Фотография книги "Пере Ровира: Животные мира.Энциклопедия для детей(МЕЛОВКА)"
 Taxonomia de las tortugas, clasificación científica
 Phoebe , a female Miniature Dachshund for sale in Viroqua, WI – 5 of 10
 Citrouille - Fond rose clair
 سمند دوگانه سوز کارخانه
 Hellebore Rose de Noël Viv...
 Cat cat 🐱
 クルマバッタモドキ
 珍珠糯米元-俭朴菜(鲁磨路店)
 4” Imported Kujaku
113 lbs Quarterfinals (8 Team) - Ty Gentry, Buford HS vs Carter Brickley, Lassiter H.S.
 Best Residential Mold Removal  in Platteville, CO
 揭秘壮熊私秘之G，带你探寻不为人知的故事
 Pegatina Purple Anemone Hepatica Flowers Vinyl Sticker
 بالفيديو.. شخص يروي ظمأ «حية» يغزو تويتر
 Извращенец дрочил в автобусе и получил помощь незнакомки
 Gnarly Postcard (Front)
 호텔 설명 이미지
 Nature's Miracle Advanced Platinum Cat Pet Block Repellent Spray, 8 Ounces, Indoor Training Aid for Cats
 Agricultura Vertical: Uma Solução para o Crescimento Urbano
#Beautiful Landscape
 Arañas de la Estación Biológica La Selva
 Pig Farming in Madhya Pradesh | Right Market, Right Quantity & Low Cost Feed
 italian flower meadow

◆ ◆ ◆ ◆

Starting with the line that contains "Pig Farming in", return every line through the last one of the records, exactly as written.

 Pig Farming in Madhya Pradesh | Right Market, Right Quantity & Low Cost Feed
 italian flower meadow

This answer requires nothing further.